また証人工藤定政も「バイクを役場から持ら出したのは多分政信と被告ではないかと思う」、「そのバイクを持つて来て乗ろうという話を被告とした記憶がある」旨の供述があるが、しかしその供述も同証人の他の供述部分に照らすと、前者にあつてはその推測の域を出ないものであり、後者にあつては果して被告との間でバイク持ち出しの相談が成立したか否か疑わしく、いずれもにわかに措信できない。
なお、証人堀内の証言中に「本件事故当日被告も本件車両を運転した」旨の供述があるが、被告本人尋問の結果に照らしにわかに措信できない。
他に前記認定を覆えすに足りる証拠はない。
2 次に本件車両の運行に関し、被告の関与した度合をみるに、前記認定事実によれば、被告は、堀内が盗み出してきた本件車両を運転できるように堀内、定政が手を加えた際その場に一緒にいたこと、そして本件事故までの数日間に三回位自ら運転し、事故当時本件更両の後部座席に同乗していたというに過ぎず、しかも本件車両が使用されていない場合一定の場所に置いてあつて自由に運転乗車し得るような状況にあつたとはいえ、被告自身単独でその車両を持ち出し運転したことはなく、運転する場合には常に堀内と定政の両名かあるいは定政と一緒に使用したに過ぎないものということができる。

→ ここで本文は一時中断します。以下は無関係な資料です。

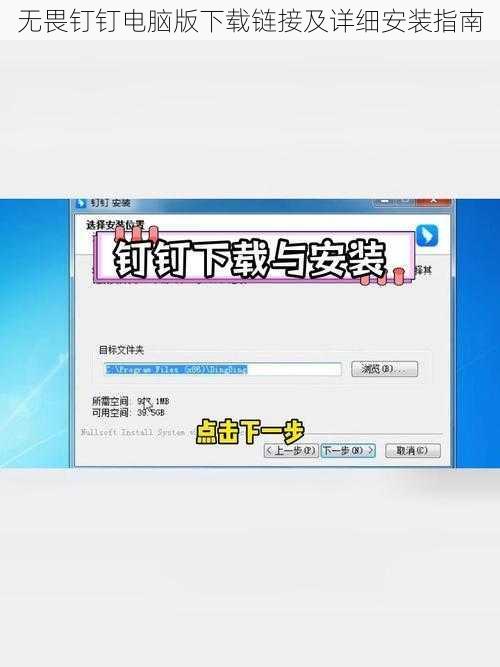 无畏钉钉电脑版下载链接及详细安装指南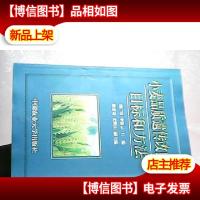 小麦品质遗传改良的目标和方法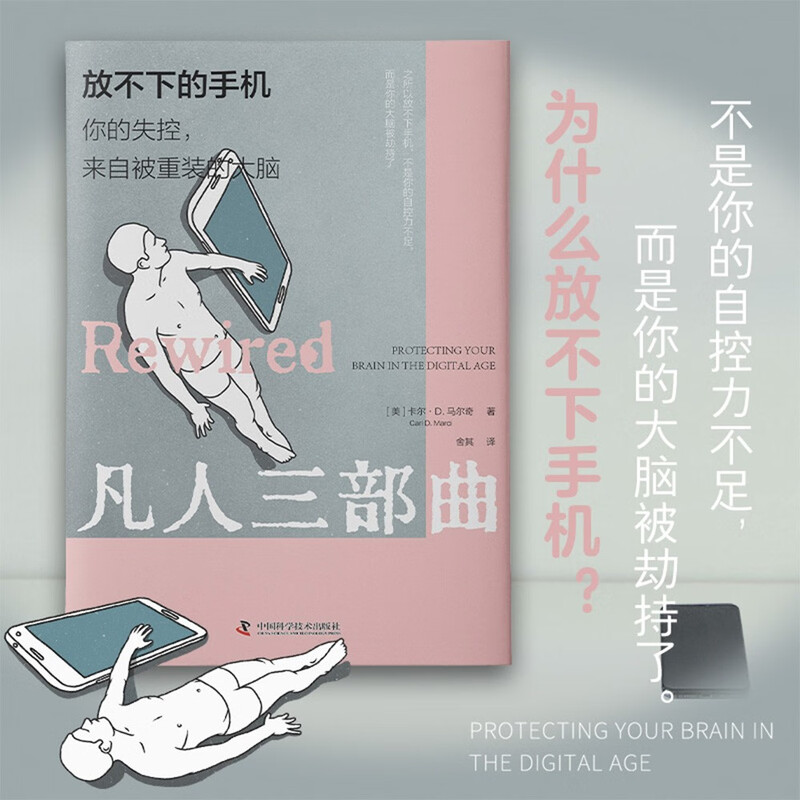 The cell phone you can’t put down, your loss of control comes from your reprogrammed brain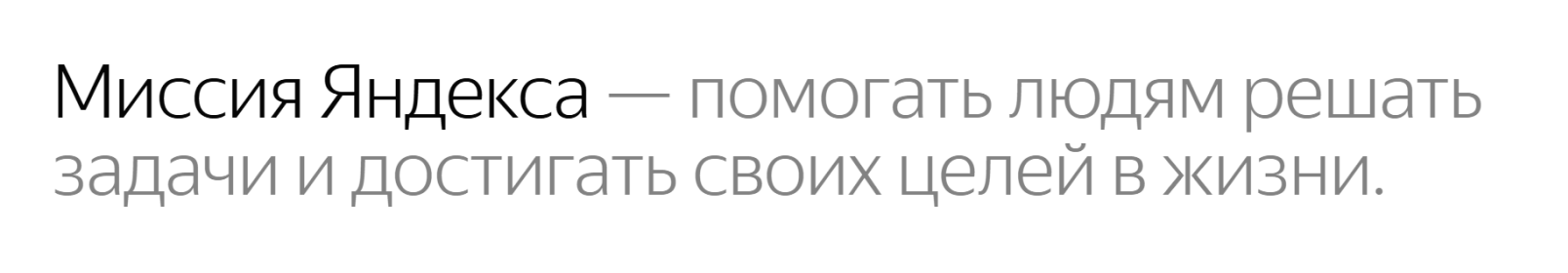 Миссия компании на сайте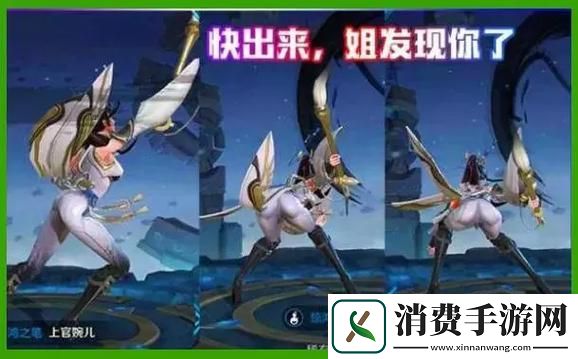 上官婉儿翻白眼流眼泪照片背后的情感故事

ところで、盗難車を犯人以外の者が使用する場合において、その者のいわゆる運行支配及び運行利益は、その使用の状況から、犯人との共同占有ないし共同支配が認められるような場合、その他その使用について排他的に支配力を及ぼし得るような場合は格別、ただ単に犯人の占有に便乗し一時的にそれを利用して使用するに過ぎないような場合にまで肯定すべきではないと解されるところ、本件においてこれをみるに、前記認定の被告ら三名の関係、本件車両の運行に関し各人の果した役割、それに被告の関与の度合、本件車両の使用回数、期間等の諸状況に照らすと、被告は本件車両の窃盗犯人である堀内から、一時的にそれを借り受けて運転したというにとどまり、堀内に本件車両の運行支配と運行利益を肯定するのは格別、いまだ被告が運行支配及び運行利益を有していたとまでは認められない。
他に本件車両につき被告が運行支配及び運行利益を有するとの原告の主張事実を認めるに足りる証拠はない。
3 そうすると、被告は本件車両の運行供用者とは認められないから本件事故により被害者の蒙つた損害を賠償する義務はない。
三 よつて、その余の判断をするまでもなく、原告の本訴請求は理由がないのでこれを棄却し、訴訟費用の負担につき民事訴訟法八九条を適用して主文のとおり判決する。